Problem 30 of the Machine Design 6-Min Solutions book is the deflection analysis of a contrived welded structure. In the problem, there's a stubby 18 inch long beam that has two longer beams welded along its length at 6 and 12 inches respectively (sort of a tuning fork looking thing). Each of the longer beams are 48 inches long. Everything is square steel stock.

The question is to predict the deflection of the second long beam at its end. Everything is deflecting under its own weight. The deflection of the stubby beam is neglected, but its rotation is not.

In the solution, the author accounts only for the twist of the stubby piece due to the moments imparted by the two long beams. She does not account for the deflection of the long section under investigation as a cantilever under its own weight.

I agree with her calculation of the assembly's twist, but I think she should have also added in the sag of the long section...

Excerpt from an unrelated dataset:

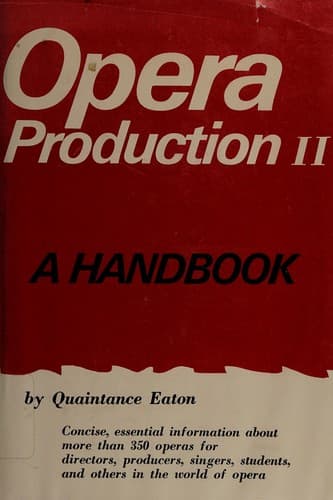 Tapa de Opera production II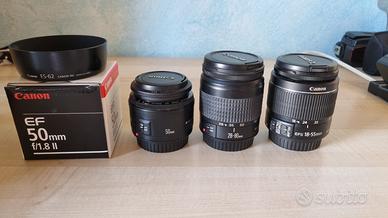 Lotto 3 obiettivi Canon Ef/Ef-s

Has anyone else done this problem? Any comments/insights to offer?

Thanks,

Rocco


----------



## JohnNevets (Apr 5, 2007)

Rocco,

I remembered that problem from when I did it last fall, because I thought the same thing, along with thinking it was unrealistic to neglect the deflection of the 18" piece. This sort of work is actually similar to what I do for a job, so I was extra ticked that they didn't handle it as I would have. If they wanted to make it simpler they could have asked for the angle of twist, instead of the deflection on the beam. I think most of the quetions in the 6 min solutions are reasonable, but this one was the exception. I don't remember how far not using those threw you off, was it enough to push you into one of the other answears, or would you still have picked the right one? That may have been why they left it with just the simple solution.

Just my take,

John


----------